How did the USDA determine the amount of trade aid for the second round of Market Facilitation Program payments? USDA’s Office of the Chief Economist developed an estimate of gross trade damages for commodities with assessed retaliatory tariffs by China, India, the European Union, and Turkey to set commodity payment rates and purchase levels. USDA employed the same approach often used in adjudicating World Trade Organization trade dispute cases.
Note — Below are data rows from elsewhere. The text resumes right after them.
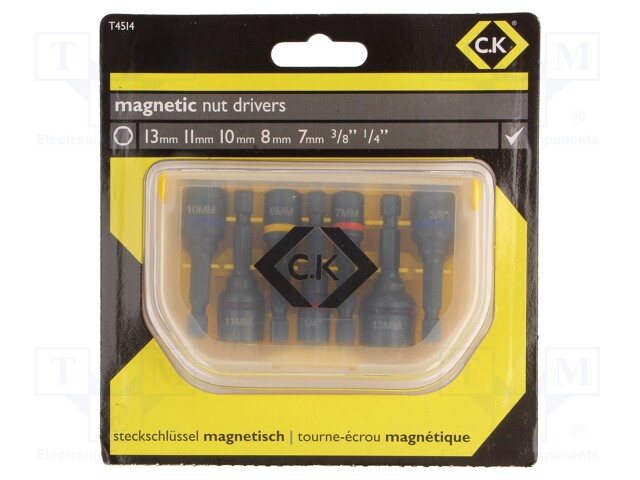 Kit: screwdriver bits; Pcs: 7; hex socket; Mounting: 1/4" (E6,3mm)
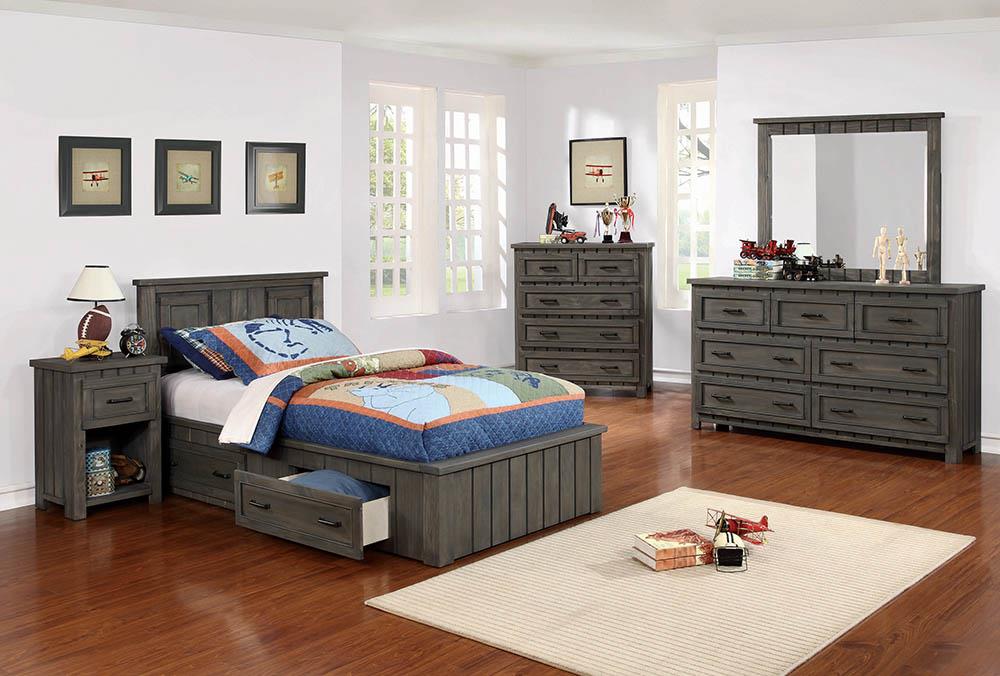 Napoleon Rustic Gun Smoke Full Bed - ATL FURNITURE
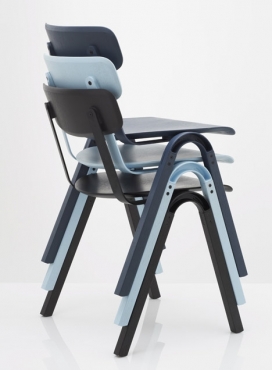 可堆叠的学校木制座椅-伦敦Samuel Wilkinson设计师作品
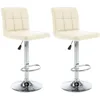Image de Tabourets De Bar Lot De 2 Crème Similicuir Vidaxl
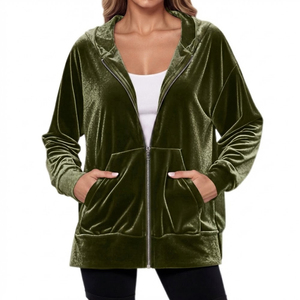Nouveau style de sweat à capuche zippé en velours pour femme, design tendance, décontracté, pour l'extérieur, en vente - Product Image 1
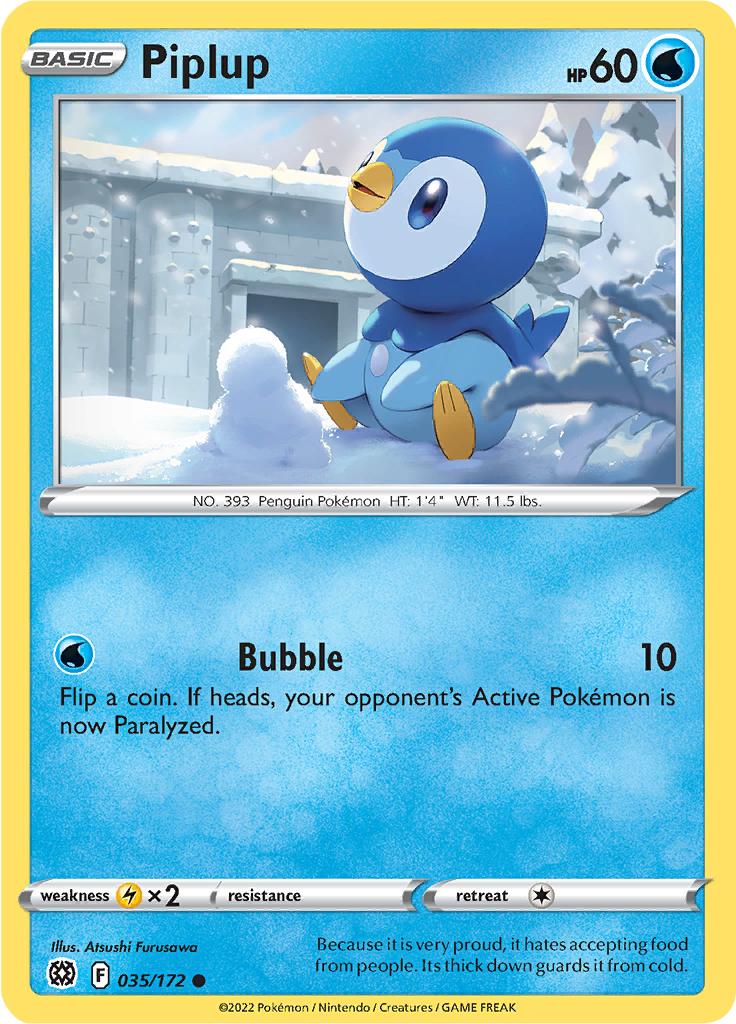 Pokémon-kaart Piplup 035/172 Common uit de set Brilliant Stars Imagen principal del producto
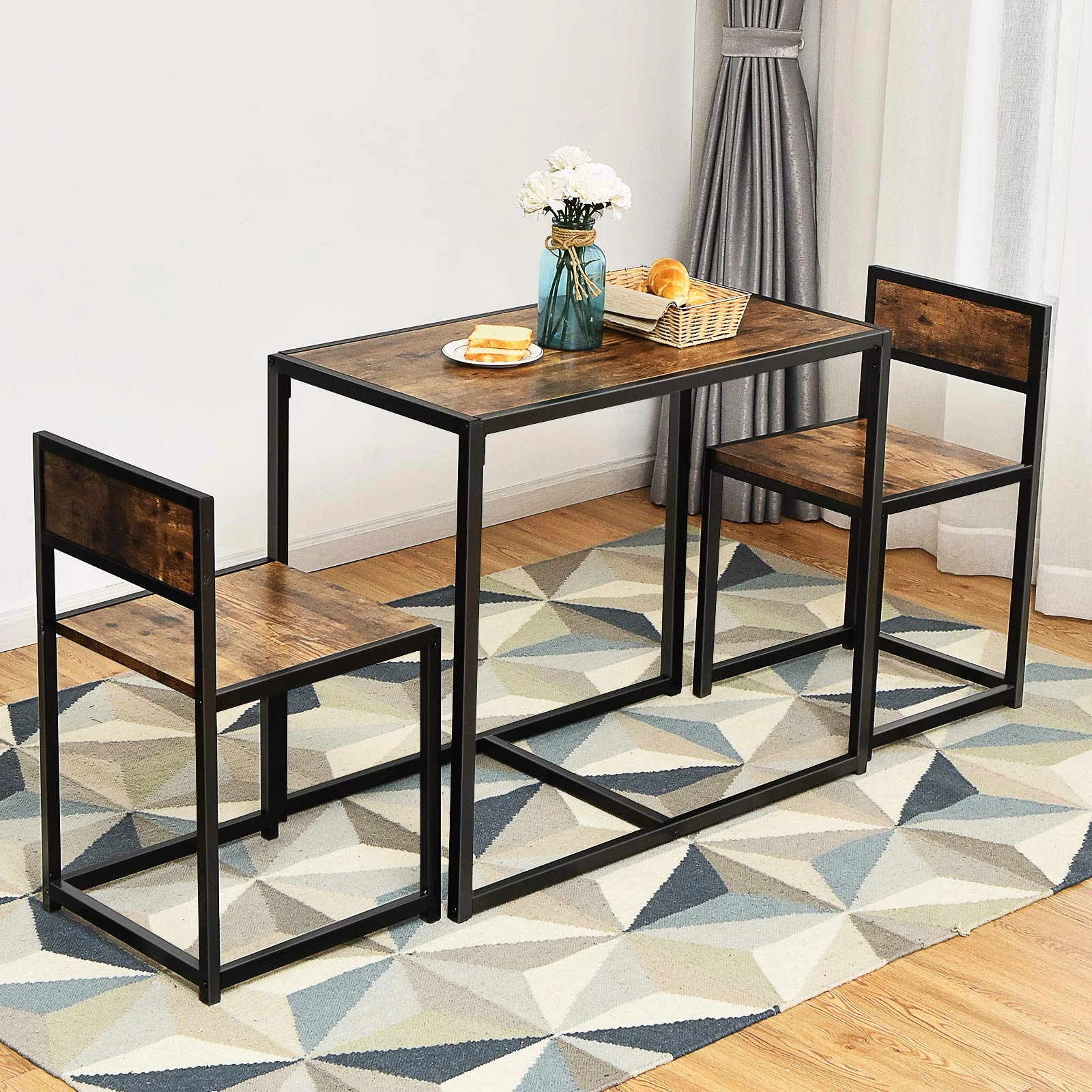 3 Piece Dining Set, Industrial Dining Table with 2 Chairs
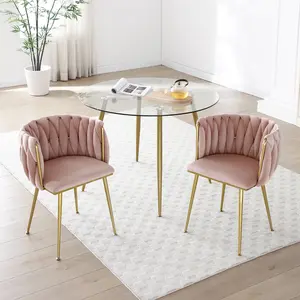 Set of 2 Modern Velvet Dining Chairs, Upholstered Woven Dining Chair with Gold Metal Legs, Upholstered Dining Chairs for desk Dining Room, Kitchen,Living Room sturdy metal table leg vanity chair cross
“Just as we did before, we want to be transparent about this process and how our economists arrived at the numbers they did. We listened to feedback from farmers on last year’s programs and incorporated many of those suggestions into today’s programs. While no formula can be perfect in addressing concerns from all commodities, we did everything we could to accommodate everyone,” Agriculture Secretary Sonny Perdue said. “Our support package ensures farmers will not stand alone in facing unjustified retaliatory tariffs while President Trump continues working to solidify better and stronger trade deals around the globe.”
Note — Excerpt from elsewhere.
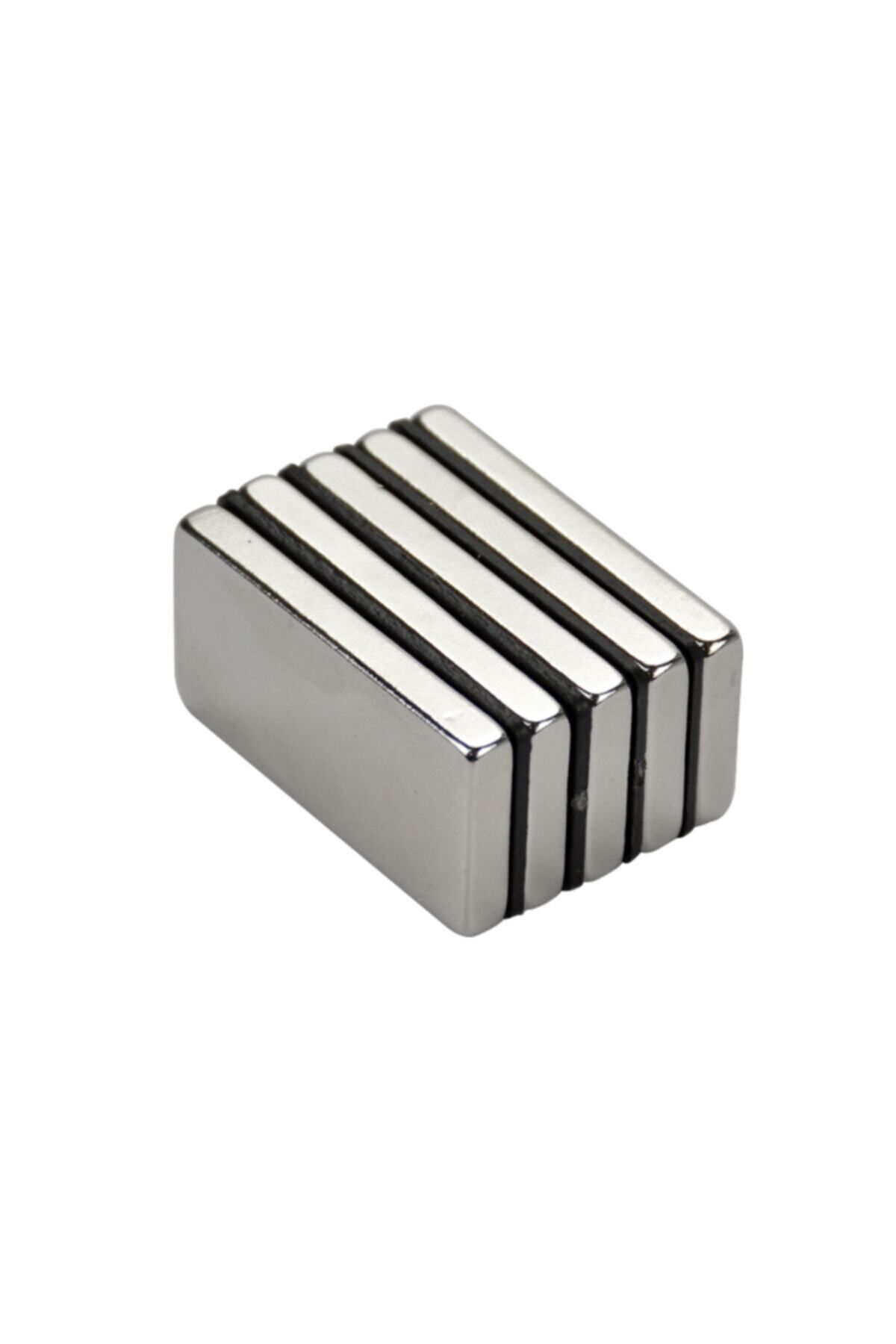 Elioure 5 Adet 40x20x5mm Köşeli Güçlü Neodyum Mıknatıs Gri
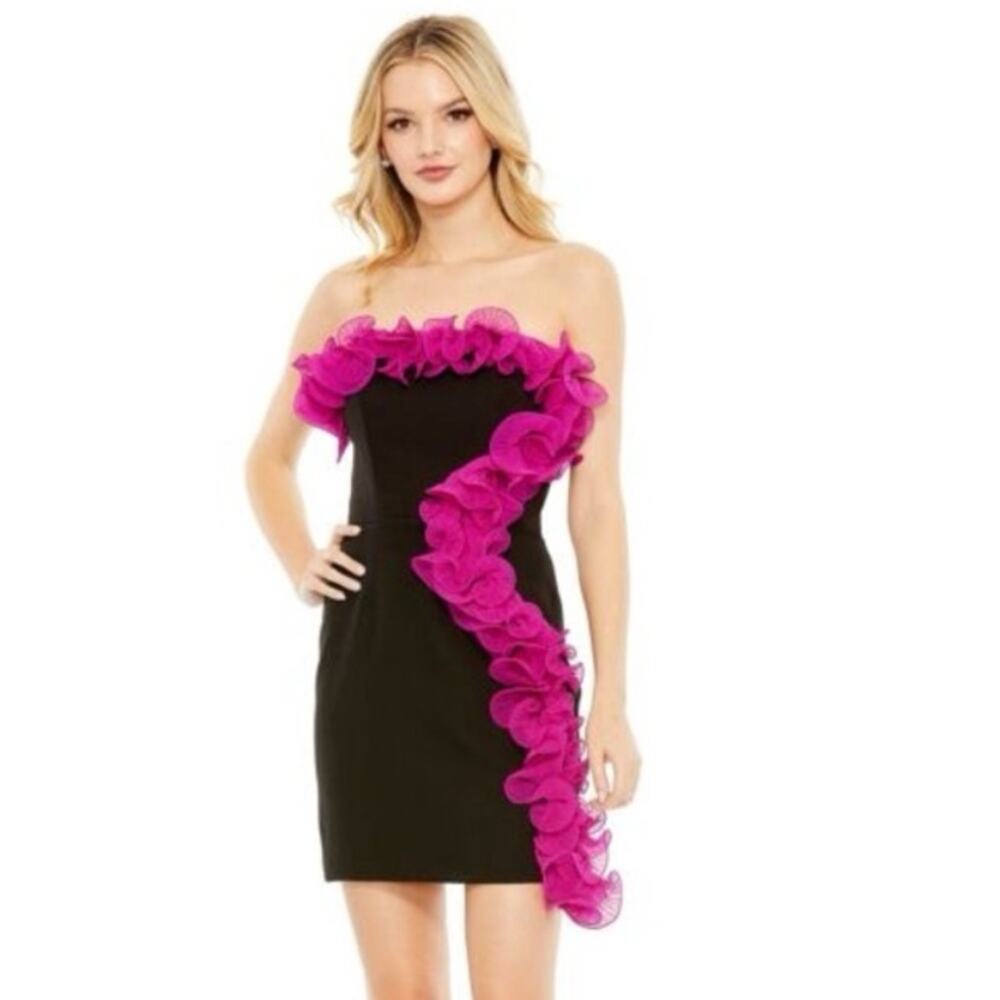 NEW Ieena Mac Duggal Strapless Black Dress Pink Ruffle, Size 2, MSRP $398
“NCGA welcomes USDA’s transparency in this process,” said National Corn Growers Association President Lynn Chrisp. “Corn farmers were understandably disappointed by the one cent per bushel for corn in the first MFP program and we appreciate that it appears USDA considered our recommendations in developing MFP 2.0.”
NCGA analysis showed an average price loss for corn of 20 cents per bushel from May 2018 to April 2019. As trade talks with China lagged on in March and April of 2019, losses widened closer to 40 cents per bushel.